WORK REQUEST |
In the data below, the answer is the run of lines from the line containing "Coca-Cola Can 12 FL 3d model" through the line containing "OO-VEX @ BRU - new colours and with winglets", both included; print it exactly and nothing else.

SOURCE MATERIAL |

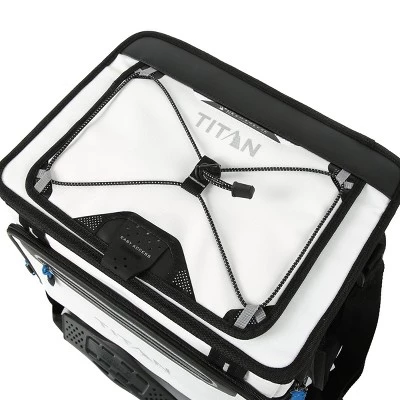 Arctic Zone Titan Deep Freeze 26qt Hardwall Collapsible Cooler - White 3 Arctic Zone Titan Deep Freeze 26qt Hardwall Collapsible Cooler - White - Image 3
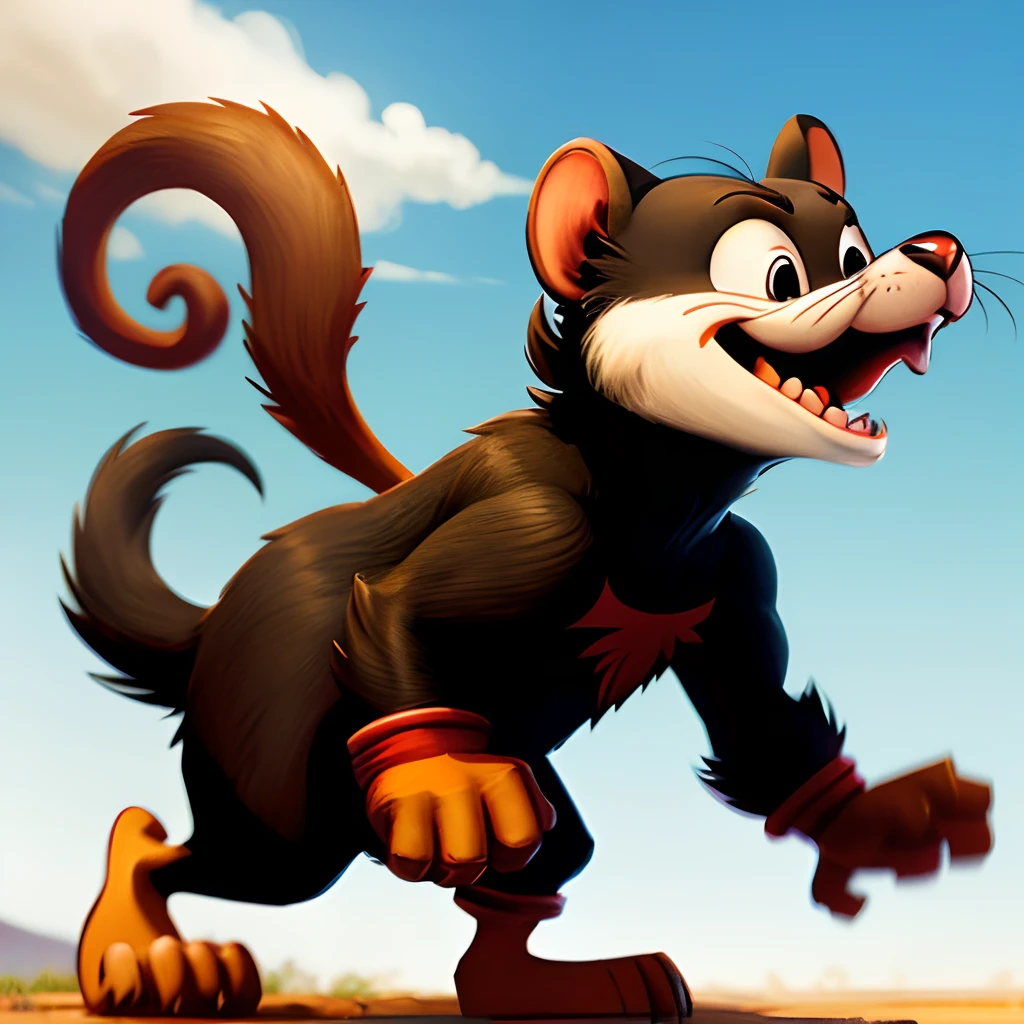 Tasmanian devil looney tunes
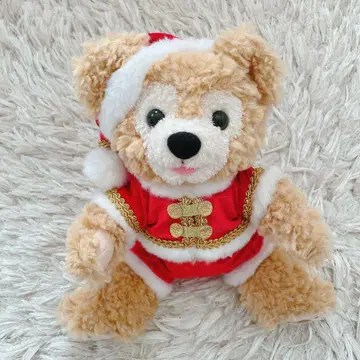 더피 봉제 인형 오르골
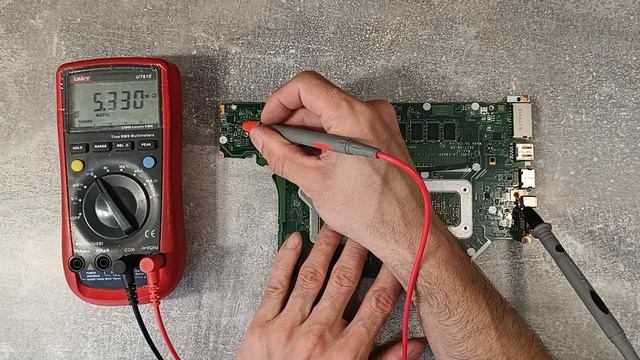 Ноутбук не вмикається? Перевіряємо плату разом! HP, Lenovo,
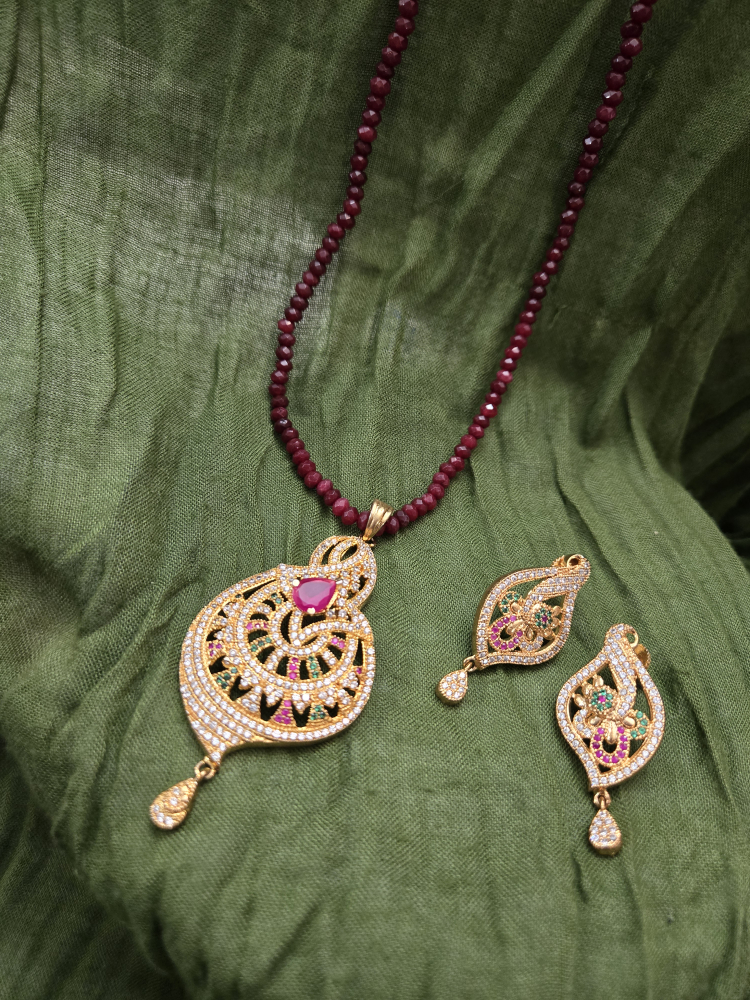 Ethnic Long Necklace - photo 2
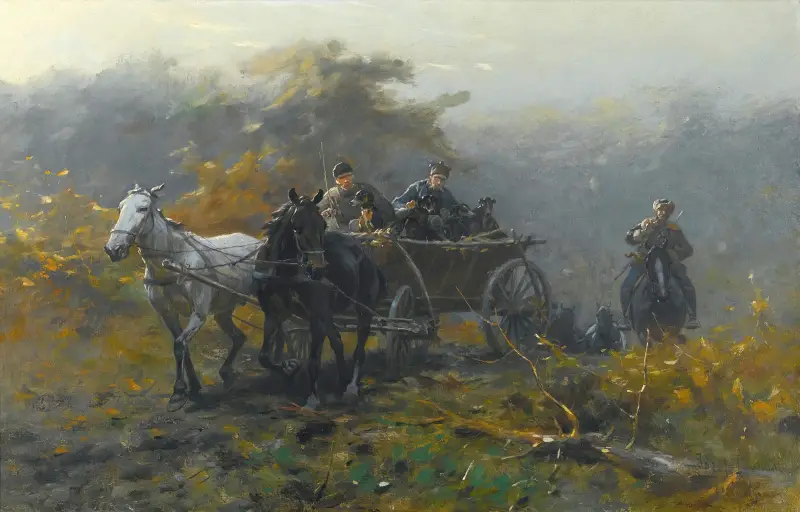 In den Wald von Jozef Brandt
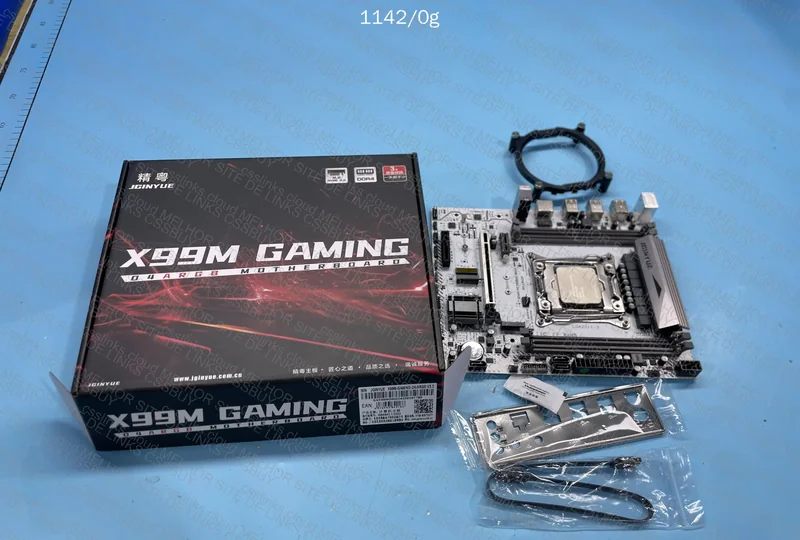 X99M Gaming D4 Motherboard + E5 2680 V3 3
...
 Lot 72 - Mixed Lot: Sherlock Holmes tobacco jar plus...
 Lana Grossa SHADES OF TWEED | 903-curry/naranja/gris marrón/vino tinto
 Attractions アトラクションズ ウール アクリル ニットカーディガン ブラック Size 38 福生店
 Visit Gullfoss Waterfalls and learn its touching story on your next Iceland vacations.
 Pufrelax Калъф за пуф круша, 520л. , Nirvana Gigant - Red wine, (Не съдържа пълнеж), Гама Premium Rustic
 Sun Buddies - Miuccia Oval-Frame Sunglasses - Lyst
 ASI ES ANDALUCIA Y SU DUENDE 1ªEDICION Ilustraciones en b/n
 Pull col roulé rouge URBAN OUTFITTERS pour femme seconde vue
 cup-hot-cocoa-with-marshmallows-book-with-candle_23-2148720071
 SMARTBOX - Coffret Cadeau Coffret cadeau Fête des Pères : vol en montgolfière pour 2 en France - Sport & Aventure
--
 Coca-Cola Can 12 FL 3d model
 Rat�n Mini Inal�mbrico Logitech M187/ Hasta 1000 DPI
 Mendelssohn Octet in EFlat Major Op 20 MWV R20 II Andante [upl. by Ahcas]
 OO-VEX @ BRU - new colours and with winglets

RESPONSE TO THE EXERCISE |
 Coca-Cola Can 12 FL 3d model
 Rat�n Mini Inal�mbrico Logitech M187/ Hasta 1000 DPI
 Mendelssohn Octet in EFlat Major Op 20 MWV R20 II Andante [upl. by Ahcas]
 OO-VEX @ BRU - new colours and with winglets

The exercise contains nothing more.